Narges Mohammadi on Reproductive Rights & Ending Gender Apartheid To Nobel Peace Center
21th May 2025 / Nobel Peace Center Oslo Norway
Narges Mohammadi’s message on reproductive rights, abortion rights, and ending gender apartheid worldwide, delivered to the Nobel Peace Center conference ‘Reclaiming Our Rights’During a temporary suspension of her prison sentence, Narges Mohammadi speaks on the denial of abortion rights, the lack of access to reproductive healthcare, and the broader struggle for women’s rights in Iran—where the Woman, Life, Freedom movement continues to resist the Islamic Republic regime’s systematic violence, oppressive laws, and gender apartheid.
“On March 8, 1979, thousands of women marched the streets of Tehran for 3 days, protesting the imposed forced hijab law.
They chanted, for women’s rights, seeding a movement that In 2022, became a historic uprising.
Sparked by the killing of Mahsa Jina Amini, rooted in decades of oppression.
Our sisters in Afghanistan also endure unspeakable suffering under the Taliban’s gender apartheid regime. They are banned from education, employment, and public life. punished simply for being a woman.
beyond our region, women and girls across the globe face gender-based violence, femicide, sexual abuse, harassment, and systemic discrimination daily.
So I ask you today , Isn’t it time we call gender apartheid a crime against humanity?
In 2025, in Iran a woman still needs a man’s permission to obtain a passport.
Violating the mandatory hijab law can lead to 74 lashes, imprisonment, or even having one’s car impounded.
Husbands can legally block their wives from working.
Singing and dancing by women in public is banned.
Girls are forced to wear the hijab as young as six years old.
Execution sentences are still looming over married women accused of adultery while getting a divorce is often impossible for women under the Islamic Republic laws.
Abortion is criminalized unless pre approved.
Access to Birth control pills have been limited and there have been cases that doctors were pressured to report pregnancies.
Under the “Youthful Population and Protection of the Family” Law free access to condoms, birth control pills, and IUDs has been cut off — putting women’s health at risk.
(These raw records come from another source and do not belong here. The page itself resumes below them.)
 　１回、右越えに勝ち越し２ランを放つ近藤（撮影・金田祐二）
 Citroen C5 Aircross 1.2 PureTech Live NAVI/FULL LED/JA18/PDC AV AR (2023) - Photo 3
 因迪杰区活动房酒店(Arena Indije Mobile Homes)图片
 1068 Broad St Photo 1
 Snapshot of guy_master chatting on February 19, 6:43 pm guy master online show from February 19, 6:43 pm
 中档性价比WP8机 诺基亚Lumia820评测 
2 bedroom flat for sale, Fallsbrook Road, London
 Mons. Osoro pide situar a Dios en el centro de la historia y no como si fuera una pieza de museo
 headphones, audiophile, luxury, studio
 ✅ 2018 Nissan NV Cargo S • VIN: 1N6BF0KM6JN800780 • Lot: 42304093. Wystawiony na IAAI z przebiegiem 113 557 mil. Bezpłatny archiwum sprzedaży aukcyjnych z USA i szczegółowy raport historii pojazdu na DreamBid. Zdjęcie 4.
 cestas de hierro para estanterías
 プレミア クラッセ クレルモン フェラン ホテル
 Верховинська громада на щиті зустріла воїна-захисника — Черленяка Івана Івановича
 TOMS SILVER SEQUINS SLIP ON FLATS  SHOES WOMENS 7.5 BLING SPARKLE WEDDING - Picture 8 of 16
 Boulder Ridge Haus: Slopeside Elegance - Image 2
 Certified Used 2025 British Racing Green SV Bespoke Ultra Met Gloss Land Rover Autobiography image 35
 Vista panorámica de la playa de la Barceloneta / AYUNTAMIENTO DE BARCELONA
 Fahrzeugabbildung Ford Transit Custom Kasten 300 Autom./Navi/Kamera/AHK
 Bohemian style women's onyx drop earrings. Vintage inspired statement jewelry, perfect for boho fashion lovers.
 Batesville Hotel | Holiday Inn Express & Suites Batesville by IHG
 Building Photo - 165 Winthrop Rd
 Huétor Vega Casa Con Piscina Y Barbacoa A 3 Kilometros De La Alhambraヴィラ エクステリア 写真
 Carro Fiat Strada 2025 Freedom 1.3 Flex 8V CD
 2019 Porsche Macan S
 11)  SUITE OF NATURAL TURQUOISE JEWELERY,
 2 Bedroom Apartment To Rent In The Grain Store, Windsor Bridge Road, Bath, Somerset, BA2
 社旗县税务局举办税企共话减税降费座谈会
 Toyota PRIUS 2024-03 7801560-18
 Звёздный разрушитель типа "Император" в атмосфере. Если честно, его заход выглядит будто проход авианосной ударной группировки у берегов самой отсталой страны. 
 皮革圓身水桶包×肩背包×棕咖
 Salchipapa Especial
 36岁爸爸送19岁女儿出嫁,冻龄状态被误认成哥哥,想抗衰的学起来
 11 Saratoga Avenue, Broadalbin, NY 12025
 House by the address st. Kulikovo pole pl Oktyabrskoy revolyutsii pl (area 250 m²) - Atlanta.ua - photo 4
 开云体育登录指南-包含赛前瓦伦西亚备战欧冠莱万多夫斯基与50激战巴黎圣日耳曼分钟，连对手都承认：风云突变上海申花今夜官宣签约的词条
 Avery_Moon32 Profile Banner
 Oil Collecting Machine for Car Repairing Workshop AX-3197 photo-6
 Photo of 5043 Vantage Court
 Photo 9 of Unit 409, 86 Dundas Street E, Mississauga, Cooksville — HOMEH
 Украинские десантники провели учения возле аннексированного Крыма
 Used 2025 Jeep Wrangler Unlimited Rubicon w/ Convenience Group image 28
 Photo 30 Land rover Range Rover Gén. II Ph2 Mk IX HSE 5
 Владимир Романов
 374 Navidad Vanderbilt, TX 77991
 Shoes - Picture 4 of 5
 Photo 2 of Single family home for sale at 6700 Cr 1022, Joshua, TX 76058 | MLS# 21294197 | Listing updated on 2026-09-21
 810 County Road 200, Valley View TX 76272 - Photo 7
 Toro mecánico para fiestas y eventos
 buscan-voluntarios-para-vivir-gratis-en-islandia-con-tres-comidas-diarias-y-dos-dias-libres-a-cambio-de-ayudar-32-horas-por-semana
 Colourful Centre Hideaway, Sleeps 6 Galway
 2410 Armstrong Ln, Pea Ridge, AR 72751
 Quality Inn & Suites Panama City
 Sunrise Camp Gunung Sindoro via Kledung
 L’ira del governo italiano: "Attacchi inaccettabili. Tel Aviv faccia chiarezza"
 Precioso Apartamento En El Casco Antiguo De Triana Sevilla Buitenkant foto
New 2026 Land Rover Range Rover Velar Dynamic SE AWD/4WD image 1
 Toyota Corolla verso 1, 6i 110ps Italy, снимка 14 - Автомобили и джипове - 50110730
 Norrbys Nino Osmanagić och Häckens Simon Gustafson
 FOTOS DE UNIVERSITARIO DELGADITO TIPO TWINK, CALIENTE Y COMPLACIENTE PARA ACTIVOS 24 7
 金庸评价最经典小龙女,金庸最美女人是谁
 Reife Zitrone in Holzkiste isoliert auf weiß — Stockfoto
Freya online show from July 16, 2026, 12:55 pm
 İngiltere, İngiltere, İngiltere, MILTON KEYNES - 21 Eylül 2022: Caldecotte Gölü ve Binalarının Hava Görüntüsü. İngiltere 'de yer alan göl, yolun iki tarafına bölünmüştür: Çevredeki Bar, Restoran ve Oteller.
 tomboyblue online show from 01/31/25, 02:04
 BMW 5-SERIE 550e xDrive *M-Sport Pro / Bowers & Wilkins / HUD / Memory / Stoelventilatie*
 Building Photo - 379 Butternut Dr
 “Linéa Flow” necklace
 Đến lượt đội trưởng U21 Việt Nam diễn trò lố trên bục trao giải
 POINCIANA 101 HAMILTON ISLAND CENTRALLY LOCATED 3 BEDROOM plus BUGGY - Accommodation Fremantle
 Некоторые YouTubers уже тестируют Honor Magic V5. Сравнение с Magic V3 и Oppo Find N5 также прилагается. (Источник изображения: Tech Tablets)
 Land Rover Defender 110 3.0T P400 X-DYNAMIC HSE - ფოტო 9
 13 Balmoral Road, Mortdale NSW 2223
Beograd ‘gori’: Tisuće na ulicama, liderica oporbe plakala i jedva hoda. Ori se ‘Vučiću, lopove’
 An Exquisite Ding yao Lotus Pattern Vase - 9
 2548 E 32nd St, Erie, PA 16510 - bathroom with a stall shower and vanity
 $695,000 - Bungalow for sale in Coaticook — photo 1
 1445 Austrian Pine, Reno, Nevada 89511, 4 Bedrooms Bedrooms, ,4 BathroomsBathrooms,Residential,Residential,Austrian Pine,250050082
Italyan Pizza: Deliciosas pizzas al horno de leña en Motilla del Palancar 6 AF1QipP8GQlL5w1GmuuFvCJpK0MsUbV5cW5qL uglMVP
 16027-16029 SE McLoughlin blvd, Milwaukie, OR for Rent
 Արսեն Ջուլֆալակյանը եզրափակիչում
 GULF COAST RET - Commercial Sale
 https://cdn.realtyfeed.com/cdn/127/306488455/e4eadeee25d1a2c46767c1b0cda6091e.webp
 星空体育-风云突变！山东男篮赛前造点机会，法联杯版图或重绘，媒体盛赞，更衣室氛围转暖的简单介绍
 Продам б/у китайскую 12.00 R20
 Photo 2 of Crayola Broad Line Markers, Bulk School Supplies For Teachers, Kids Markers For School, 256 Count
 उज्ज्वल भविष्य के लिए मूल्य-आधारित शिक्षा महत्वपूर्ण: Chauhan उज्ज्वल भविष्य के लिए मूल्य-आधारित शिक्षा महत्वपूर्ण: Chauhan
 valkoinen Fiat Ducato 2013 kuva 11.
These policies not only violate human rights but they are also pushing women toward dangerous underground alternatives.
This is systematic oppression.
This is gender apartheid and it must end.
The current legal framework fails to name the severity of this crime — leaving women in countries like Iran and Afghanistan with no protection.
For generations, women have endured violence, domination, and silence.
We cannot claim to stand for human rights while women’s rights are at risk.